It was around this point I became aware of noises coming from the room upstairs. Short, bumping sounds. A single "boomph" and a double "badoof". It sounded to me like there were two climbers up there, throwing down their rucksacks and boots. I thought this a bit strange for a couple of reasons. Firstly, there was nothing in the upstairs room- all the perks were in with me. Also, the one window had no glass and the door at the other end of the room was missing, gaping into the fresh air of the ruins. Secondly, there weren't many walkers and climbers in those days and the few around were very gregarious, always wanting to know who you were, who you knew, where you were going, how many Munros you had done, and the likes. They must have heard me come in, yet weren't bothered to see who it was. Odd. The slightly unsettling thing for me was that the noises continued. You only take off your rucksack an throw it down once. Likewise your boots. I also began to think it was too dull a sound for the boots and too heavy a sound for a rucksack. After a while I decided that if they weren't going to come down to me, I was going to go up and see them. It was all too intriguing, and I wanted to find out exactly what was going on.
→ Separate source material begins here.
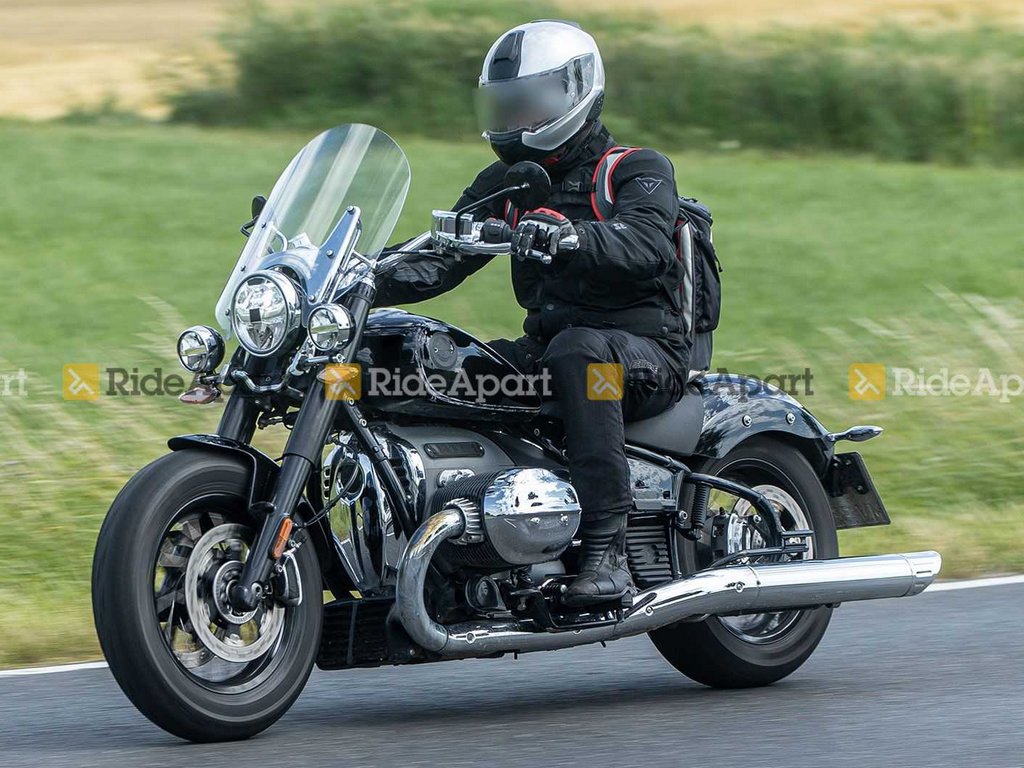 BMW R 18 Touring Spied Side
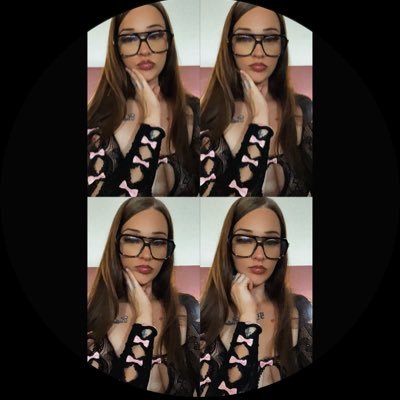 MOODY🖤's profile picture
He then searched the stairway and the upstairs rooms, but there was no one there. He searched every inch of the place and was not only certain that he was alone, but that there was nothing big or heavy enough to have been able to produce all of that noise. Once he was satisfied that there were no other people in the bothy with him, he chalked it all up to the wind and nerves, and says of what happened next:

I was the only person here, I was quite happy with it there, so that was that. I lay for some time, enjoying the peace and tranquility of the isolation. I had lived all my life in a city and this escapism was one of the attractions of going to the hills in the first place. I got about half-an-hour of this quiet, with only the gentle sighing of the breeze for company, when, completely out of the blue, directly above my head, in the middle of the upstairs room, the noises started again.

A cold shiver made it's way down my spine. This was impossible. Nothing/nobody had come in the door. I would have heard it. Similarly, nobody/nothing had gone up the stairs. Nothing had crossed the floor to get to the middle. I had heard no footsteps, paws or claws. Just a heavy thump, badump. Every few seconds, continuously. All thoughts of going to sleep had gone. Some serious thinking had to be done. There was no point in going back up the stairs, as the same thing would happen again. So I had to reason it out where I was. I didn't think it was human doing. I had heard tell of people playing tricks on others in bothys, but that was usually in a big crowd, with the perpetrator then having a good laugh at those who were caught out by their spooky prank. I had now been in the house for a few hours- nobody would spend so long keeping the charade up. If it wasn't human, then what? I now started to go through every animal or bird to be found in the area to see if I could come up with a likely culprit. For every one, there was a perfectly good reason why not. They could not enter the building, as far as I knew, but probably wouldn't if they could. And I had heard no scratching or other sounds of hooves, etc. I was stumped. My nerve was beginning to be tested.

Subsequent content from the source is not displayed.